What kind of vpn network is behind zt5u4y6ejv interfaces?

giovannicandido commented 6 years ago

https://www.zerotier.com/

Is a peer to peer mesh network

jakolehm commented 6 years ago

Not sure why would you need an additional p2p mesh network (weave is already a p2p mesh network)? This probably causes slowness & random network failures because you have two mesh network layers and weave probably also tries to create ipsec tunnels between peers.

Is zerotier mandatory here or would plain weave network be enough?

giovannicandido commented 6 years ago

Using trusted_subnets, if is passed to weave, should not re-encrypt traffic. The cloud provider doesn't have a SDN network, and shares the private ip space with other customers. Zerotier is not mandatory, but high compelling. It acts like a VPN where clients (admins) could connect to the same network as if is local (OpenVPN like) without a single point of failure and with good performance (no central routing). It also can provide datacenter agnostic migration, the ip address can be just migrated to another datacenter without downtime. I will experiment other approaches but, it works well. I will comment the results.

jakolehm commented 6 years ago

In this (kinda exotic) case you probably need to define zerotier network as a "trusted subnet". Otherwise weave will encrypt traffic within zerotier using IPSEC. Other option is to use calico with zerotier.. but that limits your hardware options to amd64.

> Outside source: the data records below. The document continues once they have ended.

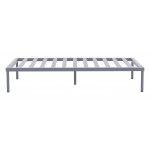 Sand Beach Double Base Gray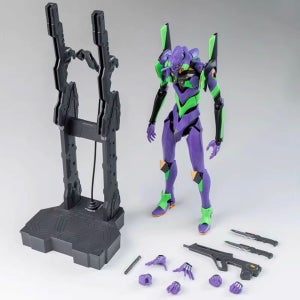 욜로파크 에반게리온 초호기 피규어 굿즈 장난감 YOLOPARK AMK EVANGELION 에바 프라모델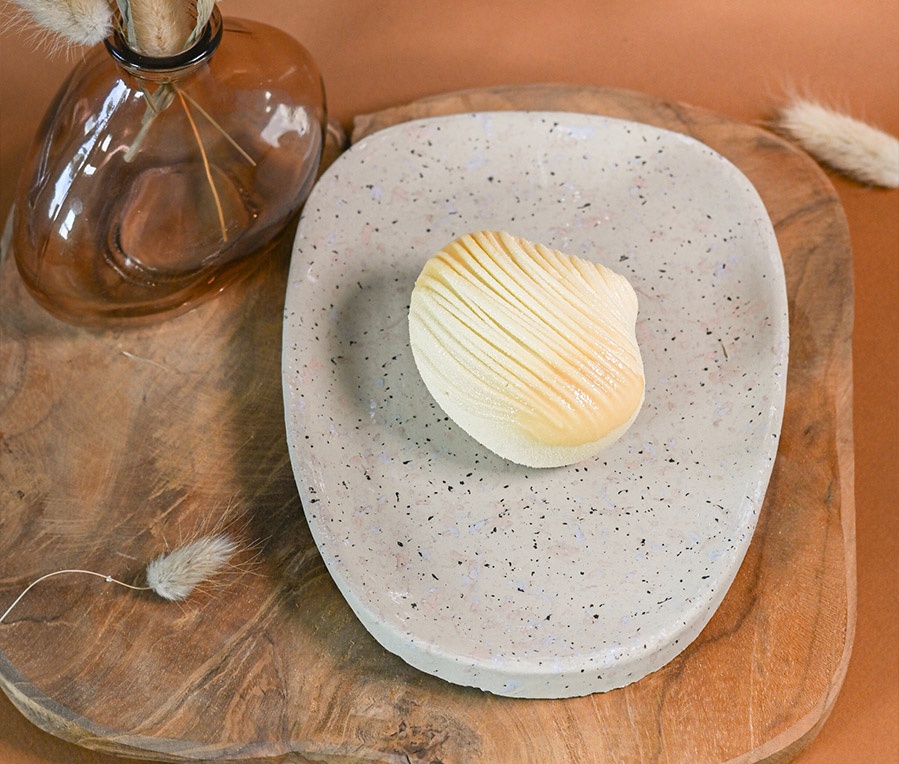 Le Nacre - Théo Chereau Pâtisserie - La Rochelle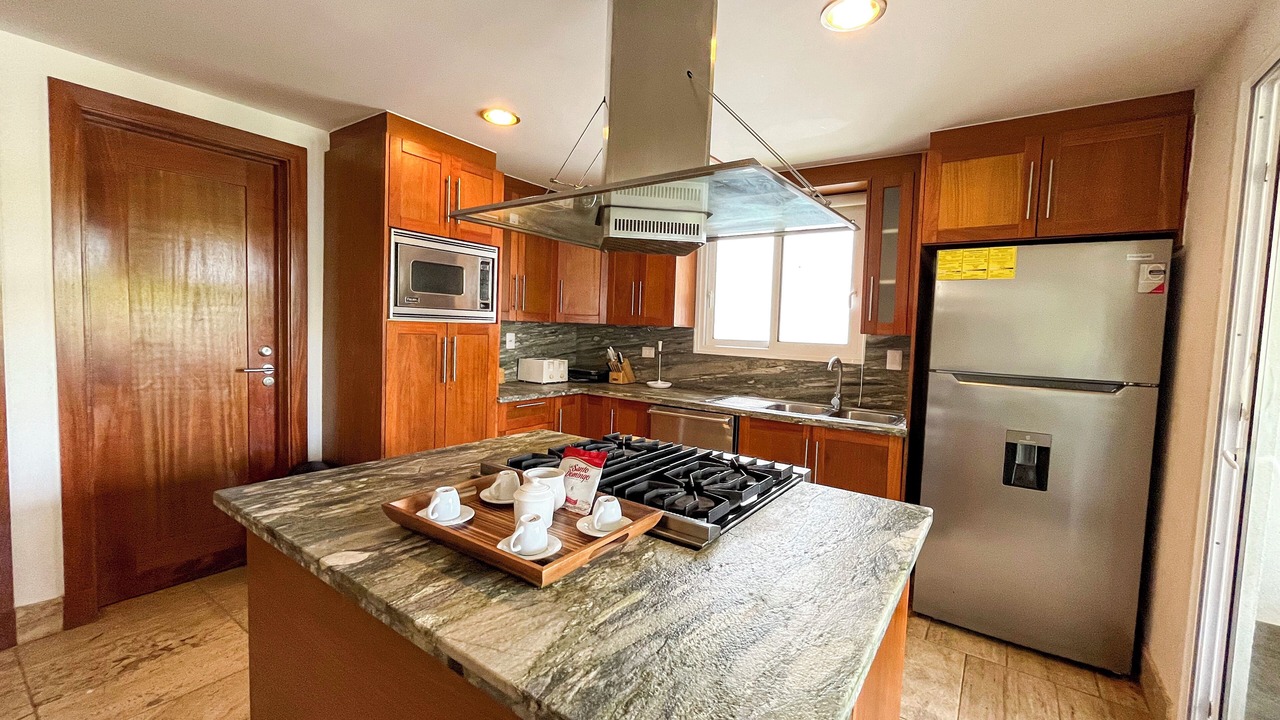 Photo of Kitchen in Portillo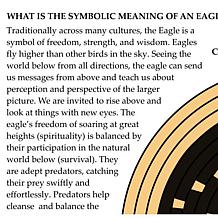 Traditional Craft Kits Coiled Basket Kit - Eagle Design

giovannicandido commented 6 years ago

I think I found the real source of problem: NAT As I said each system is behind a traversal NAT and doens't have real IP attached. The DNS record needs to point to valid ip address. But looks like (I'm guessing here) the certificates are bound to the name + ip. Since ip in network card is not the same as DNS that is the source of problem.

I came to that conclusion after successfully creating a cluster with exact same configuration, but in a different provider. The new systems has IP attached.

That case is not so exotic if you think on enterprises building clusters in house. IPV4 is gone for good and unfortunately NAT is one of the tools to overcome the short offer, when the API server needs to be exposed for remote access, the only alternative is to use VPN and reference the private IP. The other limitation is that fully HA is trick because the client will only connect to a specific ip (loadbalancer will no work here kubectl client will refuse connections)

The good news is that this limitation is bound only to the master nodes. Since 3 - 5 nodes are enough for the vast majority of needs the number of ip address in this case is manageable. We also have the alternative to lock down access exclusive thought the VPN and expose only ingress or other traffic, which is not bad.

What I will do: Change provider from scaleway to hetzner cloud. That decision is not only because of the problem, but hetzner is on the same price range with some features I appreciate (ceph storage for HA, snapshots)

Let me know if you guys need more information in order to document that behavior, or if you decide to improve something about the cert generation (or other cause I'm not seeing)

Thank you all for the support here ;-)